Facebook に,このままでは安保法案が新国立競技場の二の舞に?コスト計算をせずになぜ議論ができるのか と題する北村淳氏の記事がシェアされてきた.
少し引用させていただくと「さまざまな日米共同訓練,日米共同作戦,多国籍軍事活動などに自衛隊を送り出すには,現状の自衛隊の組織や規模では対応できない.自衛隊の大幅な人員増加,あるいは抜本的な組織改編,それに必要な装備の調達などが必要になり、国防費の大増額が絶対的条件となる...中略...そのような段階になってから,安保法案実施のための組織や装備を整備し維持するための国防予算が捻出できない,といった事態に立ち至った瞬間に,日米同盟は終結する.また、日本の国際的地位も地に墜ちるる」
しかし,いくら国防費が増えようと予算案を可決すればいいのだから,国防予算は捻出できる,新国立競技場の二の舞にはならない,というのが多数与党のストーリーである.
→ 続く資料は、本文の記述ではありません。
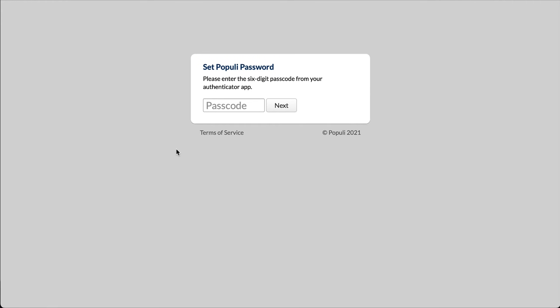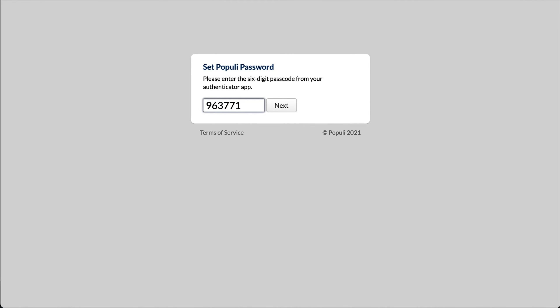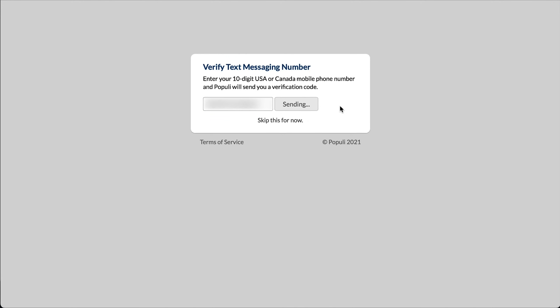If you've previously enabled and set up login approvals on your account, you need to enter the six-digit passcode from your authenticator app before you can move on to the next screen. You'll be greeted with a message if you haven't previously verified your text messaging number to receive text notifications from your school. You are able to skip this step for now, but we recommend that you enter your phone number, click "send verification code," enter the code when it arrives, and then click verify.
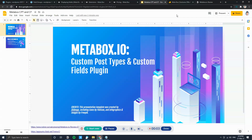Hi, this is Vance. In this video we'll go through a MetaBox.io review as well as a tutorial on how to create custom post types, create custom taxonomies, and create custom fields.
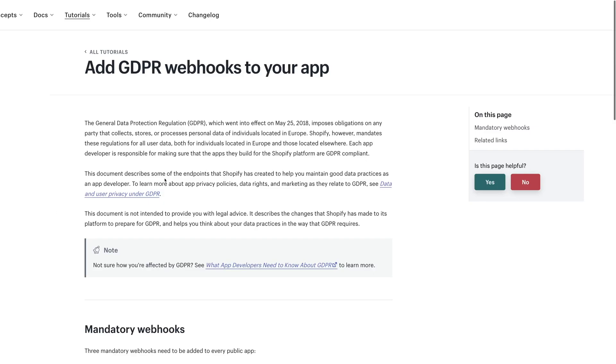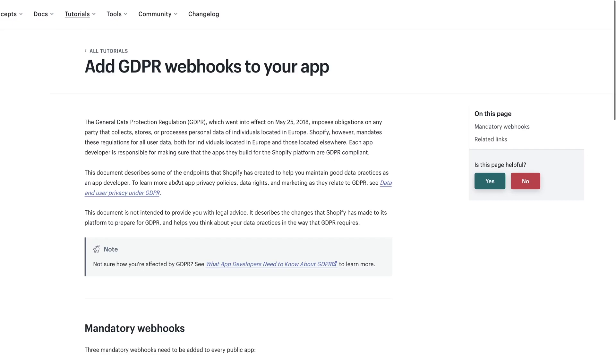Welcome to today's video, which is a short one. I'm going to show you how you can add the GDPR webhooks to your Shopify application. These are mandatory, and in order for your Shopify app to pass the stringent testing, you must have these added in.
それはそれとして,上記北村論文で物足りないのは,国防費がいくら増加するかに言及がないこと.
「真実を探すブログ」によればアメリカの国防予算は日本の集団的自衛権を前提にすでに減額されているらしい.乱暴な見積もりだが,ここにある米軍4万人削減で浮く経費を,日本の来年の負担増としたら何兆円か,計算してみるのもひとつの方法だろう.
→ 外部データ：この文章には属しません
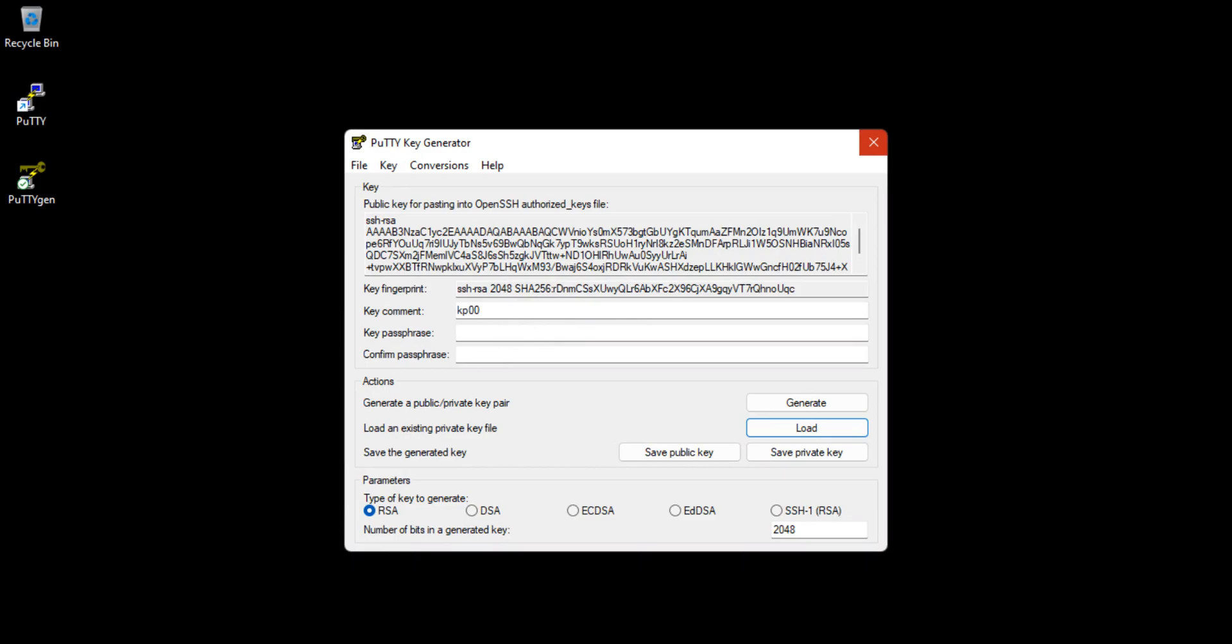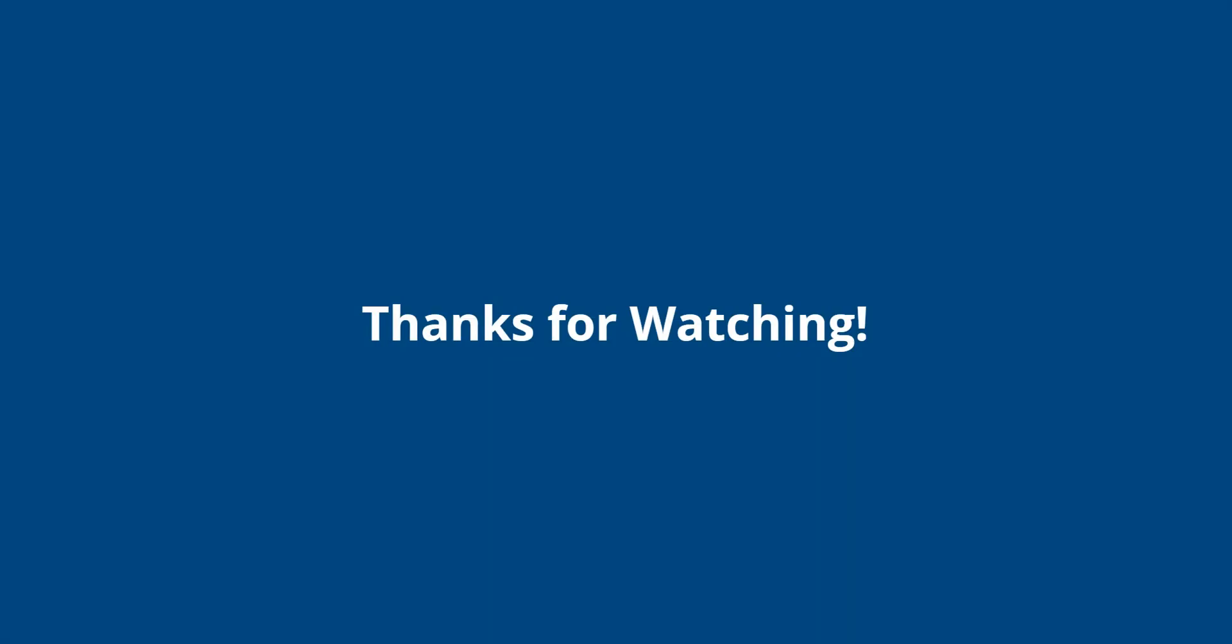That brings us to the end of this video. Thanks for watching and don't forget to like and subscribe.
ひるがえって日本の財政状態を象徴するのが財務省の HP から転載したトップのグラフ.ギリシャと異なるのはこの国債の大部分を負担しているのが日本国民だということ.財政がいつ破綻するかについては色々な説があり,破綻しても国民が泣くだけだから,政治家は実際に破綻するまで何もしないつもりらしい.
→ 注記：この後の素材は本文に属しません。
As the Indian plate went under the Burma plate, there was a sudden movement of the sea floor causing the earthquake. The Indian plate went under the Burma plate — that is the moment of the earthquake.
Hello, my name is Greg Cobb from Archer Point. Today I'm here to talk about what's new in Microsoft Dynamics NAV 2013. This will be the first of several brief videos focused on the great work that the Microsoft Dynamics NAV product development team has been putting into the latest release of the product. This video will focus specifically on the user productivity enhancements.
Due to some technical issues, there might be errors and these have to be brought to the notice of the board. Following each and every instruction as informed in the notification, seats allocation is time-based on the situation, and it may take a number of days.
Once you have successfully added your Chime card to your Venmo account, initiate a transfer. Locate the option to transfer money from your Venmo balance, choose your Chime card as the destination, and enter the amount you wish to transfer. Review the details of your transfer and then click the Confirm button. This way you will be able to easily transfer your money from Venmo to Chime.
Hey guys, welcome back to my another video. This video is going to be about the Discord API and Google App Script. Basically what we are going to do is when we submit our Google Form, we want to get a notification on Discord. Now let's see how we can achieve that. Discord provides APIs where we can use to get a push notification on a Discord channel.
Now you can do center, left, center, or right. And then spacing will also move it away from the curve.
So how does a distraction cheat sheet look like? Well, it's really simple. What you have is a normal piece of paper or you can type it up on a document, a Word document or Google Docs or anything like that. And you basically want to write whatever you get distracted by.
歳出では,日本の防衛予算は約5兆円で,文教科学振興費とほぼ同額.これに対して国債費は90兆円.また社会保障費は70兆円弱だが,半分以上は介護・老人保険関係である.
この借金まみれの老人国家にどうして戦争ができるの? というのがぼくの実感.
国会論戦とかでもお金のことがいっこうに問題にされないのは全く不満である.
われわれの税金の使い途について,それぞれの立場で試算もしないのは,与党も野党も怠慢だ.